You can purchase the whole package and get behind the scenes, turntables and tutorials here. There’s also a free version to give you a taste here. I really urge you to look the second you finish this article!

Project EDGE

De Martini has been an inspiration to so many artists. So who inspired this inspirational artist?

He counts Bladerunner and Alien among his favorite movies, so it’s no surprise that his heroes include Syd Mead, Geiger and Ron Cobb. De Martini is also inspired by Craig Mullins (“I was floored by his work on Final Fantasy: The Spirits Within”), Ben Procter (“huge influence on me, such a fantastic designer, and I’m really lucky that he’s my Production Designer on Avatar”), Vitaly Bulgarov (“an amazing artist that I worked with at Blizzard. Not only an amazing artist, but an amazing person too”). 

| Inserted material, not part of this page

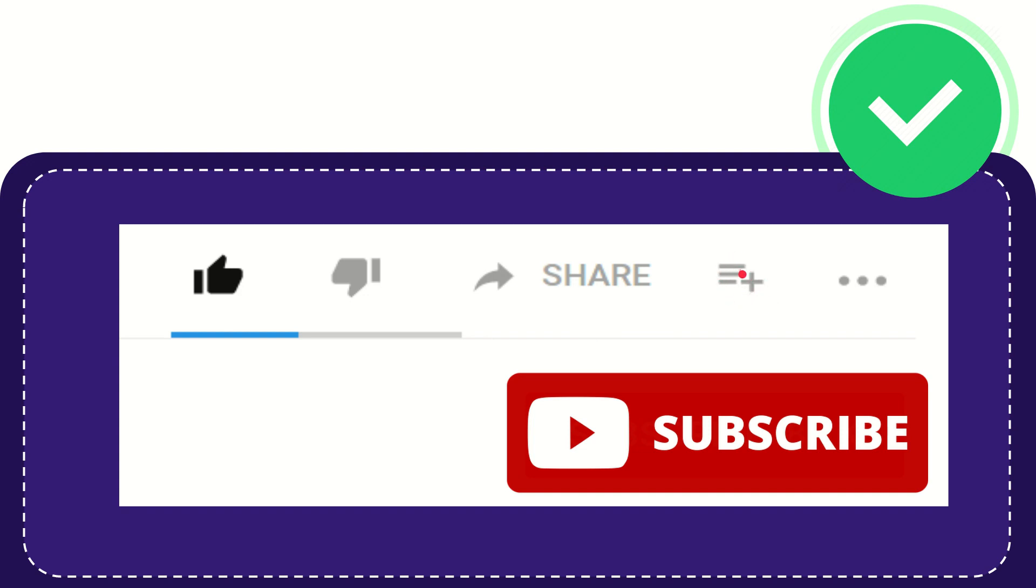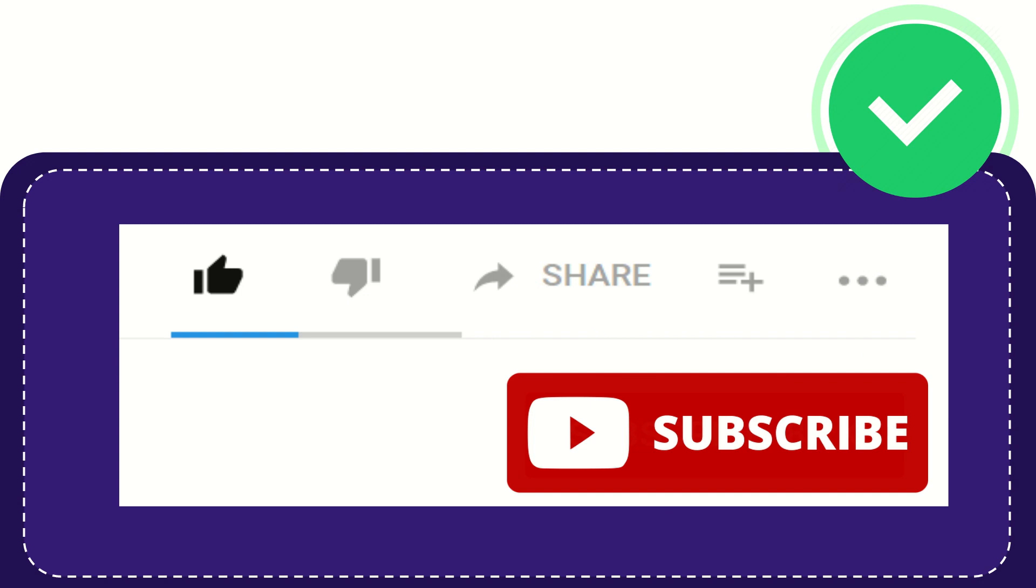You can watch this video later, and you can find more options by clicking these three dots. Don't forget to subscribe. I think that's all. Thank you so much for watching this video, and see you again in another video. Bye bye, see you again.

“There are just so many amazing artists,” continued De Martini, “like all the guys I’m working with now on Avatar, like Dylan Cole, and John Park. Every day I go to work I’m just so inspired by them.”

Among the many artists around the world that have been inspired by De Martini, there is one who is particularly special to the great artist, and that is his son Joe. He displays a natural flair for character and creature design; making it likely that the De Martini name will continue to flourish in the art world for decades to come. Having a mentor like his father, he is sure to succeed.

Project EDGE

Tip Time
Speaking of mentoring and inspiration, before De Martini went back to work on designs for Avatar, I asked him for his top 3 tips for junior artists who are trying to make it in the industry today. He replied:

1 Be humble. Erase your ego. Be someone that everybody wants to work with. Don’t forget that you are part of a team.

2 Be hungry. Always want to improve, and learn more. 

3 If you know what you want to do and who you want to work with, base your portfolio on their style.

The last tip is particularly sage, because by doing exactly that, he has become the master of his creative journey.  

De Martini is a humble and generous artist of extraordinary ability, and I personally cannot wait to see his work on not only Star Wars VII and the Avatar sequels, but also his very own Project EDGE.